Costa ainda mal viu os poderes que Bruxelas ganha com desvio de Passos

11/02/2016
Colocado por: Rui Peres Jorge

Costa e passos

Crédito: Bruno Simão / Negócios

Em Maio a Comissão Europeia irá avaliar porque razão o país não fechou o Procedimentos dos Défices Excessivos (PDE) em 2015, como lhe foi recomendado em 2013. Como damos conta no Negócios esse pode ser um dos legados de Passos Coelho mais penalizadores para António Costa que, por estes dias, também não gozará de muita confiança da Comissão após as intensas negociações em torno do esboço orçamental. Mas se a pressão agora foi grande, em Maio o poder de fogo de Bruxelas será bem superior. Se a Comissão concluir Portugal não adoptou “medidas eficazes” para reequilibrar as suas contas, o PDE deverá ser escalonado. São possíveis (mas não obrigatórias) multas e são quase certos controlos adicionais que, dependendo da graduação da sanção, poderão até fazer lembrar os anos da troika.
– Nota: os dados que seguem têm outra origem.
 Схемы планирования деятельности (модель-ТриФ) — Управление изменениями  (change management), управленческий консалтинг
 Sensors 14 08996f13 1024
Eis o que prevêem as regras.

 

1 – Procedimento dos défices fica aberto

 

Ao abrigo do artigo 126 do Tratado da UE (que define o procedimento dos défices excessivos) o Conselho da UE estabeleceu, em Junho de 2013, que Portugal deveria fechar cortar o défice orçamental global para menos de 3% do PIB em 2015, garantindo uma redução do défice estrutural (o que desconta o efeito do ciclo económico e das medidas temporárias) em todos os anos (e de pelo menos 0,5 pontos de PIB).

“Portugal should bring the headline deficit to 5,5 % of GDP in 2013, 4,0 % of GDP in 2014 and 2,5 % of GDP in 2015, which is consistent with an improvement in the structural balance of 0,6 % of GDP in 2013, 1,4 % of GDP in 2014 and 0,5 % of GDP in 2015”
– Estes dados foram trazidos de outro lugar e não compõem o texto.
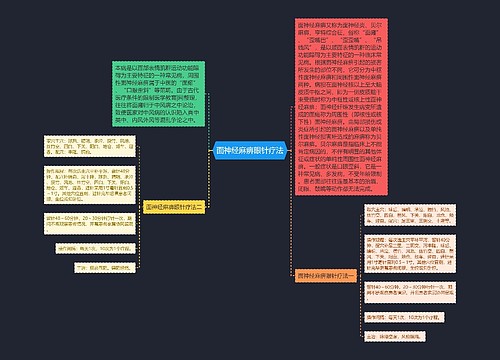 面神经麻痹眼针疗法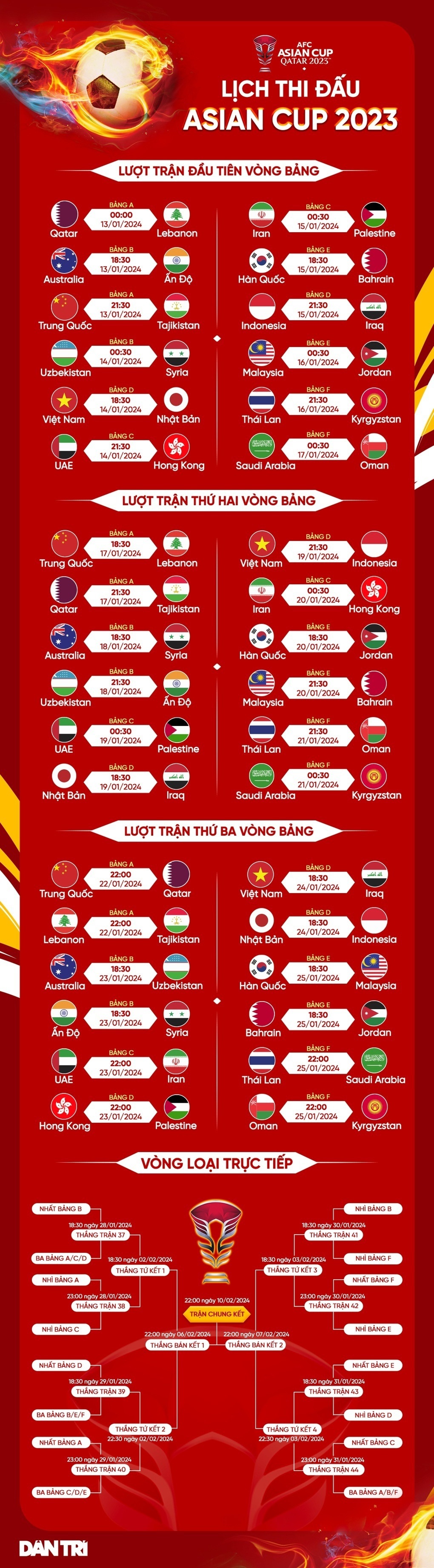Siêu máy tính dự đoán tuyển Việt Nam, Thái Lan bị loại sớm ở Asian Cup - 2 Siêu máy tính dự đoán tuyển Việt Nam, Thái Lan bị loại sớm ở Asian Cup - 2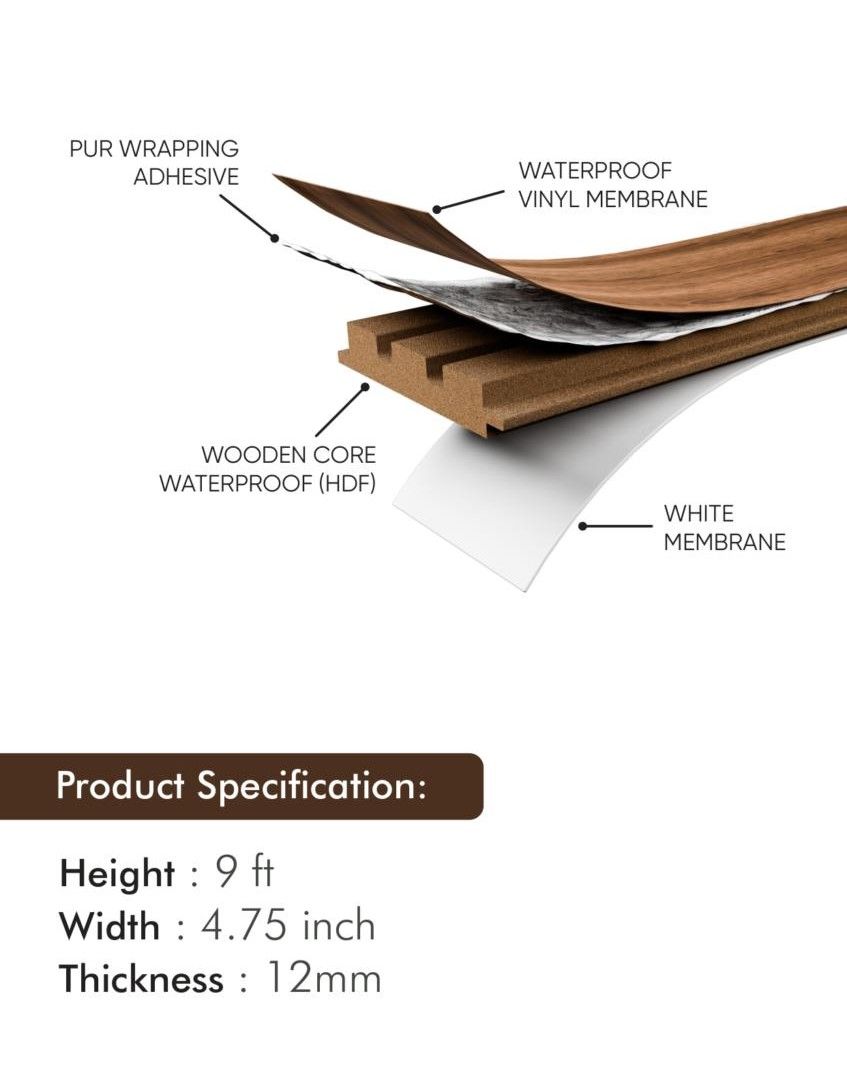Elewood MDF Panels Catalog Page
Ora, mesmo sem a resolução do Banif decidida no final de 2015, o défice do ano passado deverá ficar em 3,1% do PIB, diz o Governo. Com o Banif, o valor salta para 4,3% do PIB. Pior, a última estimativa do Governo aponta para um agravamento do saldo estrutural em 2015 de 0,5 pontos de PIB. Estes valores serão confirmados em Abril (pelo Eurostat para o saldo global) e Maio (pela Comissão para o saldo estrutural). O que se seguirá?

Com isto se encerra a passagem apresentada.